Pan ile Apollon arasında bir müzik yarışması, yargıç Midas ve reyi Pan’a... Apollon’un hükmü: Müzikten anlamayan layıktır ancak eşek kulaklarına… Halk için için güler lakin korkudan konuşamaz; ama susar mı sular, ağaçlar ve dağlar: “Midas’ın eşek kulakları var!..” Yalvar yakar kurtulur Midas eşek kulaklarından…

Yine bir gün Dionisos’u misafir eder Midas, memnun kalır Dionisos “Dile benden ne dilersen!” der. “Tuttuğunun altın olmasını” ister kral. O andan sonra yiyeceği, içeceği ve hatta dokunduğu kızı dahi altın olur. Yine pişmandır Midas, yine yalvar yakar kurtulur bir derede yıkandıktan sonra tuttuğunun altın olmasından…

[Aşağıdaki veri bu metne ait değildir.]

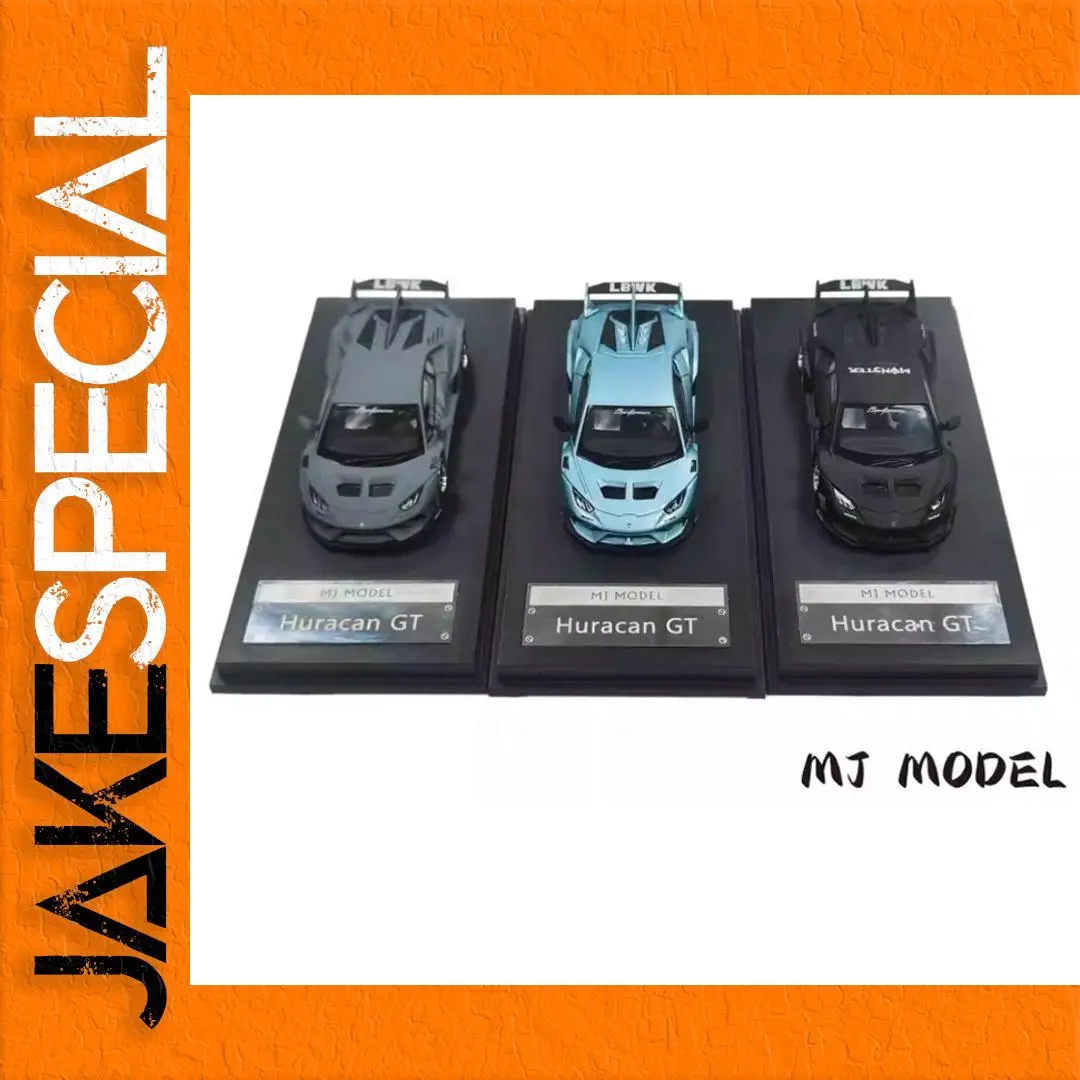 1/64 Lamborghini Huracan GT Diecast Model 1 1/64 Lamborghini Huracan GT Diecast Model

İşte Gordion şehri de ismini eşek kulaklı Kral Midas’ın babası Gordios’tan alır.

Vakti zamanında Friglerin yaşadığı bu küçük köyde bir kâhin, şehre öküz arabasıyla giren ilk kişinin kral ilân edilmesi gerektiğini söyler. Derken, Gordios görünür ufukta, bir kağnının üzerinde, yanında karısı ve oğlu Midas’la… Zeus’tan lütuftur krallık Gordios’a; o lütuf kağnıyla gelir, adanmalıdır kağnı Tanrı’ya… Gordios, kağnısını tapınağa bağlar ve “her kim çözerse bu düğümü, açılır ona Asya’nın kapıları” der…

İşte Gordios’un attığı o düğüm, Gordion’un düğümüdür ve Makedonyalı İskender’i bekler asırlarca… İskender de çözemez düğümü başta; ama korkudan kimsenin yapamadığını yapar ve Asya’nın kapılarını açar kılıcıyla otuzüç yaşında ölmek pahasına…

Gordion’un düğümünü çözen İskender, bugün müesses olan Batı merkezli dünya düzeninin de ruhuydu aslında… Persler tarafından çiğnenen Yunan’ı yeniden ayağa kaldırdı, Gordion’un düğümünü çözdü, Doğu’ya yürüyüp ayaklarının altına aldı. “Otuzüç yaşında öldü, iki kuşak sonra tanrı gibi kutsandı, o yeni bir dünyanın kurucusu, bugün YENİ DÜNYA DÜZENİ diye tekrarlanmaya çalışılanın ruhu”ydu.

Fakat ona nisbet edilen düzen çözüm değil, çözümsüzlük üretti; payına İskender’in iradesi yerine, eşek kulaklı Midas’ın arzuları düştü. “Tuttuğum altın olsun” derken altını altın, odunu odun yapan “adalet” terazisi şaştı. Tuttuğum altın olsun derken yiyeceğinin de altın olacağını, aç kalacağını düşünemeyen “bütün”den uzak; parçalanmış fikir her şeyi çözümsüzlüğe mahkûm etti. “Gordion’un düğümü”, bugün yerini Rönesans ile ilmiklenip Aydınlanma ile kördüğüm hâlini alan, finansal kapitalizm ile çözmek isteyene kesmekten başka çare bırakmayan “Yahudi-Hıristiyan Batı medeniyetinin kör düğümü”ne bıraktı.

İlâhi cilve; Batı insanı, tuttuğu altın olan Midas’ın Dionisos’a “kurtar beni bu illetten” diye yalvarması misali yalvarmanın eşiğindeyken tarih, belki de o kördüğümü yine altın ile tek bir hamlede çözecek irade timsalini bekliyor.